Rtg Area Working Group - IETF 81

Alia - full agenda today.  

Alvaro is new co-chair.

Alia reads the note well

Agenda bashing:

1) composite links
2) fast reroute with max red trees
3) OTV
4) if time MPLS FRR using LDP extend.

Alia trying to get more scribes.

Blue sheets etc.

charter update being planned.  only discussed monday so new to the group.  Goal is primarily 2 things:
1) emphasise this is WG for hop by hop routing/FRR for unicast & multicast
2) add milestones for composite links.
please discuss on list

draft status:

1) LFA applicability in last call - ending Aug 1st.  No comments yet on list.  Please read.

2) draft-karan caused much interest last time.  charter update brings
in scope but need co-ordination with PIM WG.
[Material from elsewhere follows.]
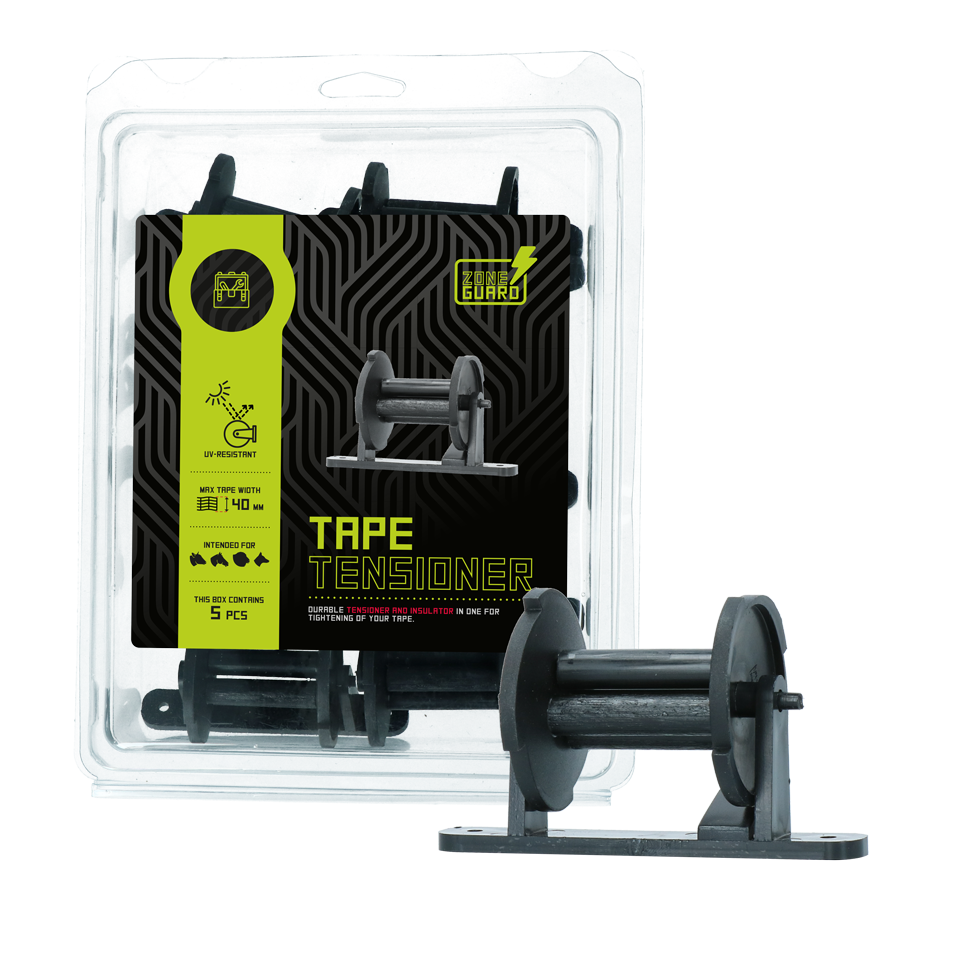 ZoneGuard Lintspanner en isolator 40 mm - afbeelding 3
3) notvia will be done as informational

4) ordered FIB looking for opinions.  interest in further work now?
Or just document what's known until we get interest in proceeding
further?


Composite Link Framework (Ning - had been planned to be Curtis).

want to update on this draft, and what's changed.  Been published on
WG list.  Also updates as to new things we need to take to
requirements draft.

requirements completed WG last call.  Framework been in progress for a
while and still an individual draft.  What it adopted as WG draft.
Been stable but there's a considerable new addition so co-authors are
thinking that part of the new addition (management plane requirements)
needs putting in the requirements.  So will go ahead and add 4 new
requirements onto the requirements draft and ask for a respin there.
Hopefully quite a small change.

update for framework itself.  Covers overview of usage of CL but also
CL control plane.  now listed out extensions needed (e.g. IGP-TE,
RSVP-TE).  One note of caution - don't be scared by long list as
tweaks are fairly minor.  Hopefully framework will catch everything so
the scope of work is clear.

Added various stuff to framework.  Curtis got delayed.  done more like
an individual draft but intention was to merge into this one.
Additions are things like arch summary, tradeoffs, challenges.
Co-authors will merge the 2 docs after this meeting, and then ask for
WG adoption.

Some of the wording might need clarification so will do that when the
merge gets done.

Some new mechanisms proposed.  To meet requirements draft we need to
leverage other active IETF work (e.g. MPLS loss-delay).  Some of that
work is not even WG draft stage yet.  So there's various states
there. But the solution here will rely on that other work so we want
to point to it.

Also the section on required protocol extensions/mechanisms is not
complete.  Need to resync that when the merge happens and check no
gaps.  no intention to specify those solutions in this draft.  But if
people have input on what may be needed then please provide it.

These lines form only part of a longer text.